Workflow to compare & monitor models using WandbCallback

boris · June 11, 2020, 5:26am

I guess the main issue is that it didn’t show prediction samples (loss should still be logged as well as hyper-parameters).

I’m currently working on supporting bounding boxes and can take a look at tabular right after. I definitely want to support most of common types.
We can actually log tables so it’s just a matter of preparing correctly the DataLoader, getting prediction samples and decide what we want to log and how to present it.

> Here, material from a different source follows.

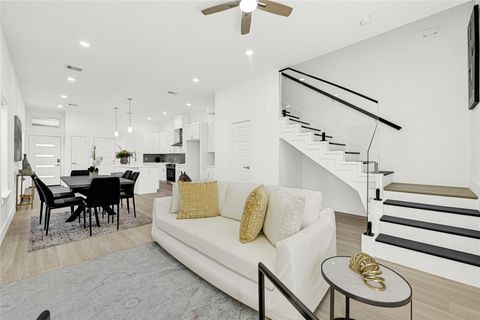 3330 Francis Street Houston TX 77004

muellerzr · June 11, 2020, 5:31am

Awesome! That’d be great! And thanks for the quick answer

hallvagi · June 19, 2020, 10:28am

Wandb seems like a great tool! I’ve been testing it with a few simple examples, such as the demo notebook mentioned above. I’m able to track the hyperparameters (lr, loss etc), but I can’t seem to track the parameters nor the gradients. I’ve been testing various options to the log parameter in the callback, but no results so far. Any ideas of what I’m doing wrong?

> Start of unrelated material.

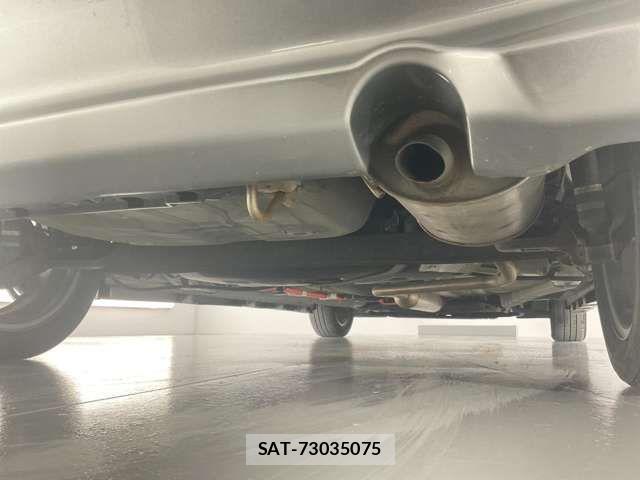 Mitsubishi DELICA 2019-02 7391927-16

hallvagi · June 19, 2020, 11:39am

D’oh! There is a default minimum of 100 batches to be run before parameters and gradients are stored: wandb.watch??. Datasets such as MNIST tiny has fewer batches (with normal batch sizes at least).

hallvagi · June 19, 2020, 12:11pm

Also, if I run two experiments in a row like this:

#first experiment:
wandb.init(project='imagnette-128')
learn = cnn_learner(dls, resnet18, pretrained=False)
learn.fit(3, 1e-3, cbs=WandbCallback(log='all'))

#Second experiment:
wandb.init(project='imagnette-128')
learn = cnn_learner(dls, resnet34, pretrained=False)
learn.fit(3, 1e-3, cbs=WandbCallback(log='all'))

Parameters and gradients are stored only for the first one. Any ideas why that is?

boris · July 8, 2020, 5:36pm

It is because WandbCallback._wandb_watch_called == True as watch can be called only once per run and once per model.
Technically it could be reset to False when doing a new wandb.init. If it becomes a common issue we could monkey patch it.
You can set it manually to False for now. Let me know if that works.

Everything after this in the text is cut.